Help us keep this a respectfully Foolish area! This is a place for our readers to discuss, debate, and learn more about the Foolish investing topic you read about above. Help us keep it clean and safe. If you believe a comment is abusive or otherwise violates our Fool's Rules, please report it via the Report this Comment Report this Comment icon found on every comment.

  • Report this Comment On June 29, 2013, at 9:51 AM, iphonerulez wrote:

    The analysts are idiots. The entire smartphone industry has gone soft due to the weakening economy and smartphone saturation. BlackBerry was fortunate to sell as many smartphones as it did.

  • Report this Comment On June 29, 2013, at 10:28 AM, Oril wrote:

    Even though Blackberry lost money this quarter they continue to operate with no debt and even added to their cash reserves. Not bad.

  • Report this Comment On June 29, 2013, at 10:47 AM, Oril wrote:

    The smartphone industry today is very similar to the automobile industry of the early twenties. The country was flooded with automobiles, everyone who could afford one had one but the infrastructure to operate them wasn't there.

    By the way I would love to have a new model BB10 smartphone but I am typing this on an old Iphone4.

    Why is that? It could be because I still have a year to go on a very expensive three year contract that my carrier sucked me into. I am not alone.
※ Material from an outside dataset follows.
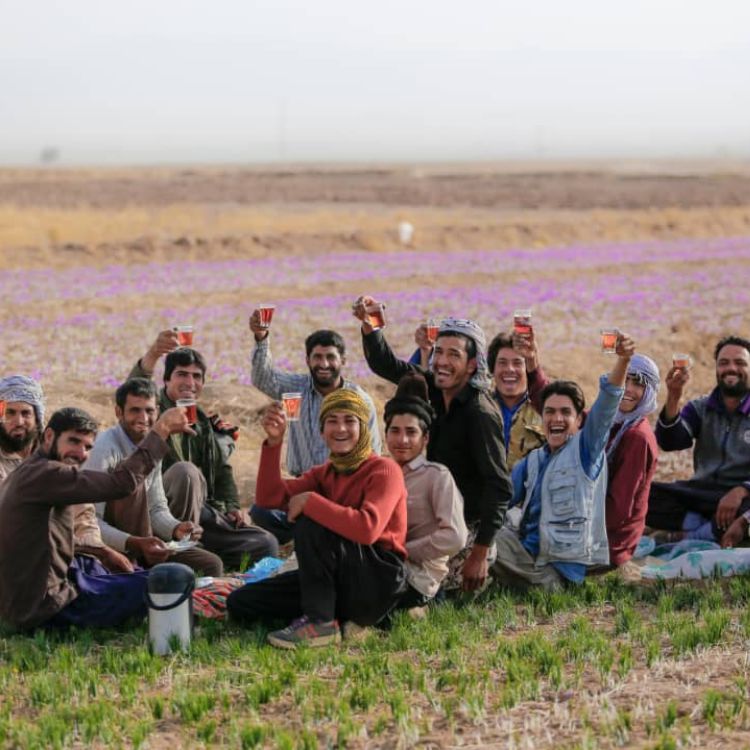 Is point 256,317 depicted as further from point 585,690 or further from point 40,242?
point 40,242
  • Report this Comment On June 29, 2013, at 11:33 AM, HelpIsHere wrote:

    Fair assessment here, BES10 is needed to sell large amounts of phones, the USA wasn't in the Q1 data either so we have a long ways to go before we count out BlackBerry. BlackBerry missed on breakeven due to Venezuela, analysts got everything else wrong as BB did not talk about unit sales or subs. The bears were looking for a chance to crush BB and they got it thus accounting for much of the drop here. BlackBerry still has to launch the Z10 in 35 more countries and that Q10 is barely out there, not to mention the Q5. Analysts set themselves up to be taken to the cleaners by the day traders, looking stupid again.
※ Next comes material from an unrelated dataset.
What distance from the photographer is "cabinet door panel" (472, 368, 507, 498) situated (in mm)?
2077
  • Report this Comment On June 29, 2013, at 11:57 AM, TimmyBee123 wrote:

    They were very close to breaking even without the Q10 being available in the US for very long or the Q5 being available anywhere very long.
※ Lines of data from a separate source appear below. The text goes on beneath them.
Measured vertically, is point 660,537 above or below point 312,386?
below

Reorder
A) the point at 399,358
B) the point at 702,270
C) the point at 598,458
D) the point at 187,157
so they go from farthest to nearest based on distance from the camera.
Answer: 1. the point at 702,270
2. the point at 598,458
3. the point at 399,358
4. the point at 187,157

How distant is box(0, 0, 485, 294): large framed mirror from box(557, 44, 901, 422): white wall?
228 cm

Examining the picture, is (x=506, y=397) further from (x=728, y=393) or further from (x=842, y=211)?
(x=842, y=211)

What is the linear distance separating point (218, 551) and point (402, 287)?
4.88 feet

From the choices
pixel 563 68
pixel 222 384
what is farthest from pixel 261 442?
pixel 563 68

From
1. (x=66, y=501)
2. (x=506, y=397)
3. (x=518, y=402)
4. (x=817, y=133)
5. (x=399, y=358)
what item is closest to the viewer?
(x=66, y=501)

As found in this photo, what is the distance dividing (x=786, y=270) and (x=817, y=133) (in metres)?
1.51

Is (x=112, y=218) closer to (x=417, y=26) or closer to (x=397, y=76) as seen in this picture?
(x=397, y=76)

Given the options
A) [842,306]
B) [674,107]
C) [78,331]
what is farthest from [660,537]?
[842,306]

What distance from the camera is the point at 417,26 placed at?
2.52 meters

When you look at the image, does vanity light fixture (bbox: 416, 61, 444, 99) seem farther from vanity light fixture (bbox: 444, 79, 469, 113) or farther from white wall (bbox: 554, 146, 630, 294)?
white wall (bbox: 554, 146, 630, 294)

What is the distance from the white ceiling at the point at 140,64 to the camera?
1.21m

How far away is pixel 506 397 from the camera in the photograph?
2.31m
    Did things go perfectly? No. Are they a lost cause? No.

    New revenue streams will come onboard and they will be profitable in the near future.

  • Report this Comment On June 30, 2013, at 6:49 PM, Chippy55 wrote:

    'What's all this lyin' around sh*t? It ain't over till we say it's over! Was it over when the German's bombed Pearl Harbor?" ~ Bluto in Animal House

    Folks, BBRY is on sale! And it ain't over til we say it's over.

    I don't understand that whole Venezuelan foreign currency restriction which caused 10 cents of the 16 cents per share loss, especially the part about "carriers there are prevented from paying subscriber fees". I have no clue what that means, why it's essentially a charge against EPS, and if the restrictions "expire" after say 6 months or a year at which time BBRY would be allowed to then add 10 cents per share to their EPS, but it sounds like it's an anti-business climate. And Wikipedia lists about 3 dozen countries which have these currency restrictions, maybe someone can explain this. That restriction alone was responsible for 62% of the 16 cent per share loss.